Prince Edward returned to England in 1371, and the next year resigned the principality of Aquitaine and Gascony. He led the Commons in their attack upon the Lancastrian administration in 1376. He died in 1376 of dysentery[lower-alpha 2] and was buried in Canterbury Cathedral, where his surcoat, helmet, shield, and gauntlets are still preserved.

Early life (1330–1343)

Edward, the eldest son of Edward III of England, Lord of Ireland and ruler of Gascony, and Queen Philippa, was born at Woodstock in the County of Oxfordshire, on 15 June 1330. His father, Edward III, had been in conflict with the French over English lands in France and also the kingship of France; Edward III's mother and the Prince's grandmother, Queen Isabella of France was a daughter of the French king Philip IV of France, thus placing her son in line for the throne of France. England and France's relations quickly deteriorated when the French king threatened to confiscate his lands in France, beginning the Hundred Years War. His mother was Queen Philippa of Hainault, daughter of the Count of Hainault, who married Edward III when his mother, Queen Isabella, arranged the marriage between them. His father on 10 September 1330 allowed five hundred marks a year from the profits of the county of Chester for his maintenance; on 25 February 1331, the whole of these profits were assigned to the queen for maintaining him and the king's sister Eleanor.[3] In July of that year, the king proposed to marry him to a daughter of Philip VI of France.[4]

His father was Edward III of England, who became king at the young age of fourteen years in 1327, when his father (and the Black Prince's grandfather) Edward II of England was deposed by his wife Isabella of France, daughter of Philip IV of France, and by the English nobility due to his ineffectiveness and weakness to assert his control over the government and his failed wars against Scotland. His mother, Philippa of Hainault, was the daughter of William II, Count of Hainault. The marriage between his mother and father was arranged by his grandmother, Isabella of France, to get financial and military aid from the Count of Hainault for her own benefit to depose her husband, Edward II. The marriage of Edward III and Phillippa of Hainault produced thirteen children; Edward was the eldest child and eldest son.

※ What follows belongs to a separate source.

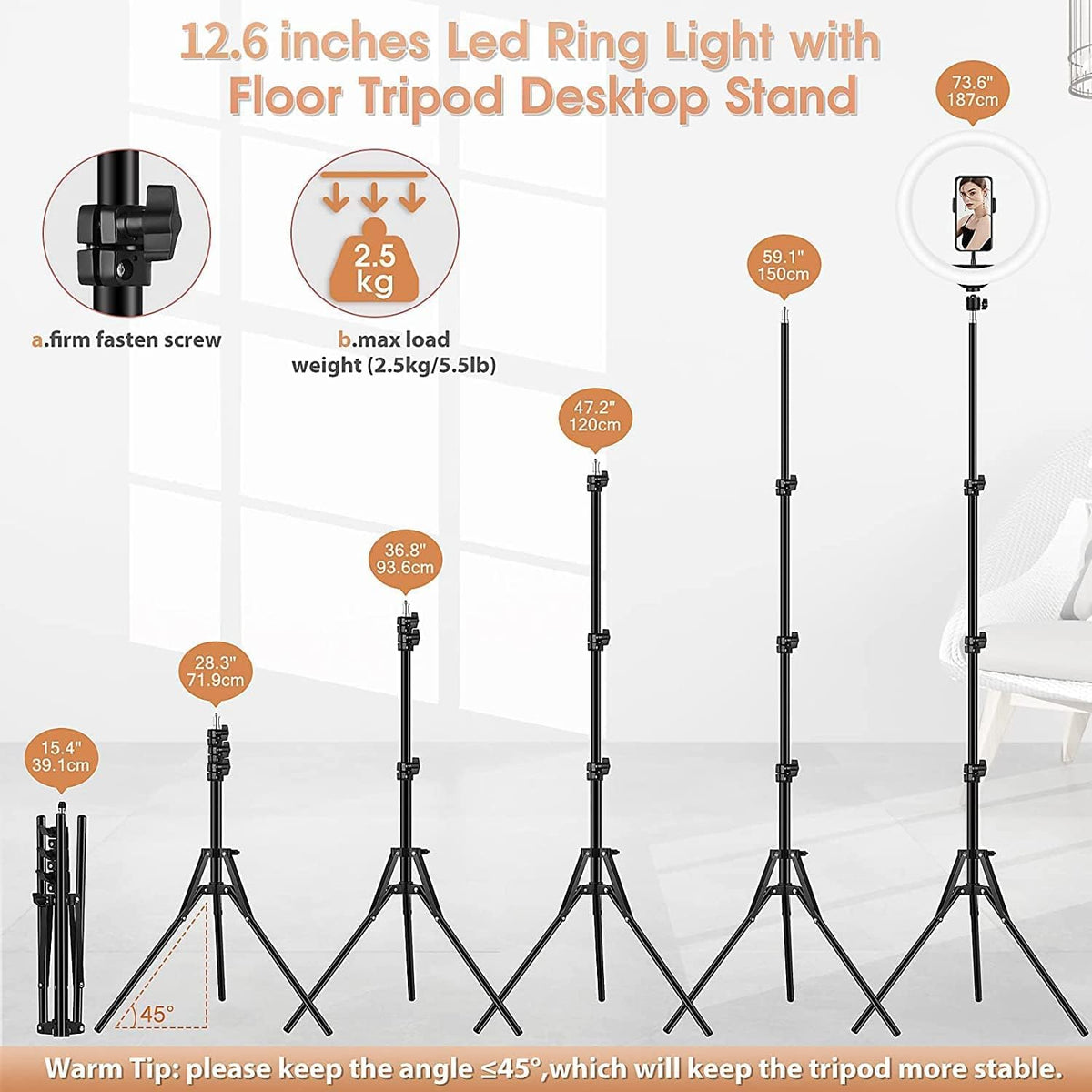 Cerc Luminos Ring Light LED 45cm/18inch, 3 moduri de lumina, 10 trepte reglaj, 3 suporti telefon, telecomanda selfie, trepied 210cm inclus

His father had begun a war with Scotland to regain lost territories which were captured by the Scots during the reign of Edward II and began the military operations undertaken by Edward III's grandfather, Edward I of England, recapturing English lands such as Berwick-Upon-Tweed. Edward III took his grandfather's military strategies and tactics against the Scots to avenge the humiliating defeat of the English under Edward II at the Battle of Bannockburn in 1314, and this time, Edward III defeated the Scots at the decisive Battle of Halidon Hill in 1333, killing many Scottish nobles and routing the entire Scottish army. Edward III was able to recover the country politically and militarily, and was welcomed as a "great champion of the English nation".

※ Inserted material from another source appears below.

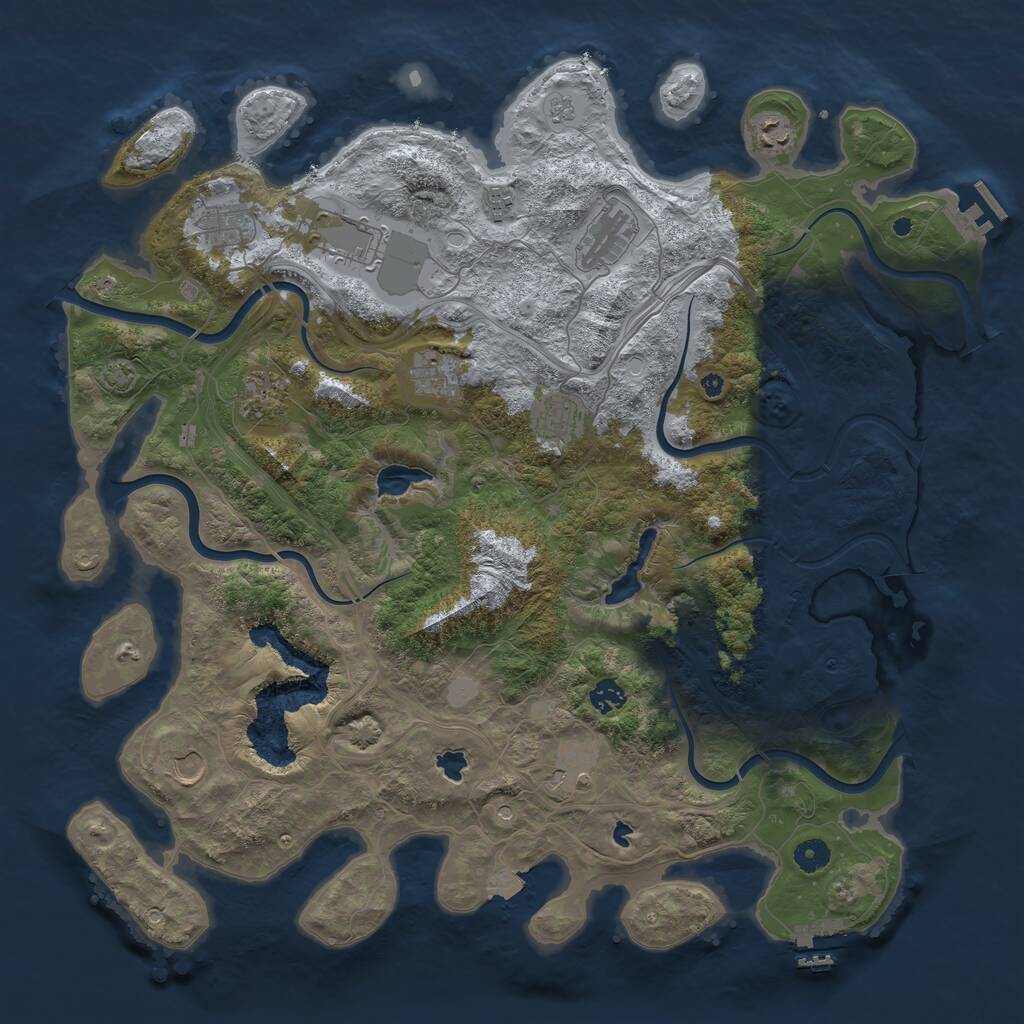 Rust Map: Procedural Map, Size: 4500, Seed: 1166072045, 17 Monuments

On 18 March 1333, Edward was invested with the earldom and county of Chester, and in the parliament of 9 February 1337, he was created Duke of Cornwall and received the duchy by charter dated 17 March. This is the earliest instance of the creation of a duke in England. By the terms of the charter the duchy was to be held by him and the eldest sons of kings of England.[5] His tutor was Dr. Walter Burley of Merton College, Oxford. His revenues were placed at the disposal of his mother in March 1334 for the expenses she incurred in bringing up him and his two sisters, Isabella and Joan.[6] Rumours of an impending French invasion led the king in August 1335 to order that he and his household should remove to Nottingham Castle as a place of safety.[7]

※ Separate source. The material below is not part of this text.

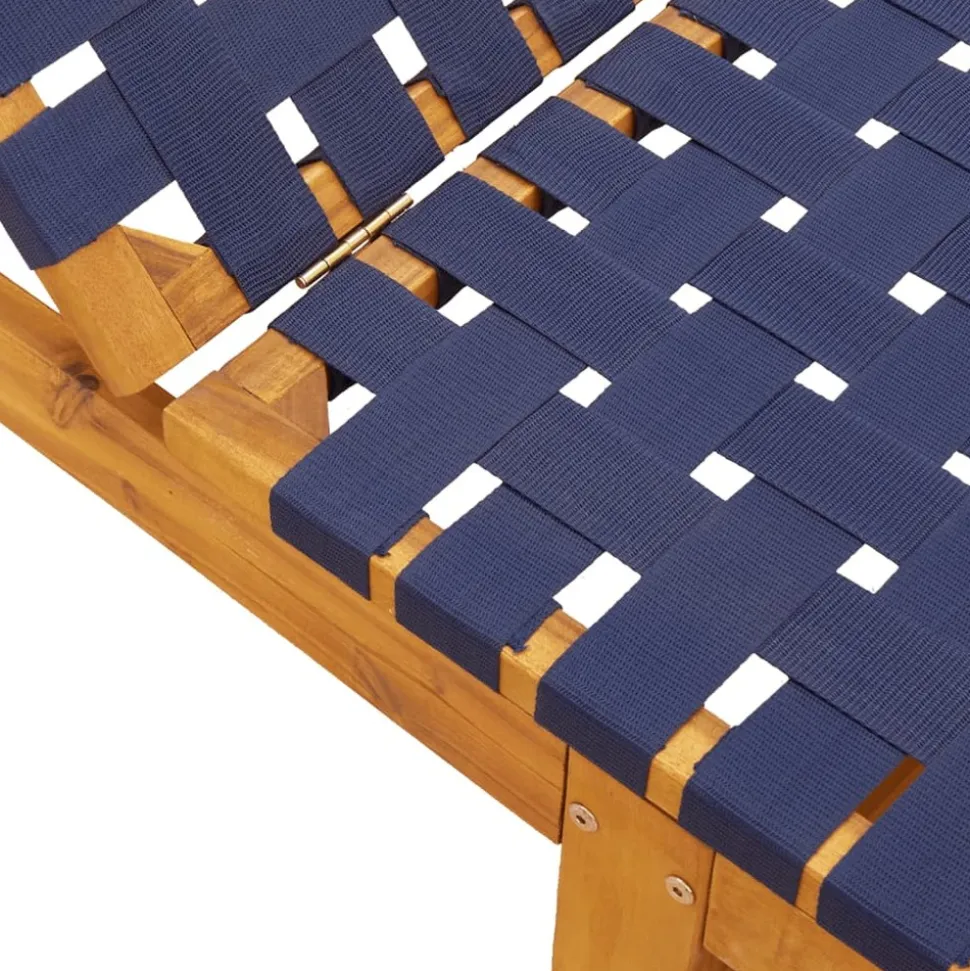 MAISON EXCLUSIVE - Chaises longues bleu foncé bois d'acacia solide et tissu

When two cardinals came to England at the end of 1337 to make peace between Edward III and Philip VI of France, the Duke of Cornwall is said to have met the cardinals outside the City of London and, in company with many nobles, to have conducted them to King Edward.[8] On 11 July 1338 his father, who was on the point of leaving England for Flanders, appointed him guardian of the kingdom during his absence, and he was appointed to the same office on 27 May 1340 and 6 October 1342;[9] he was, of course, too young to take any save a nominal part in the administration, which was carried on by the council. To attach Duke John III of Brabant to his cause, the king in 1339 proposed a marriage between the young Duke of Cornwall and John's daughter Margaret, and in the spring of 1345 wrote urgently to Pope Clement VI for a dispensation for the marriage.[10]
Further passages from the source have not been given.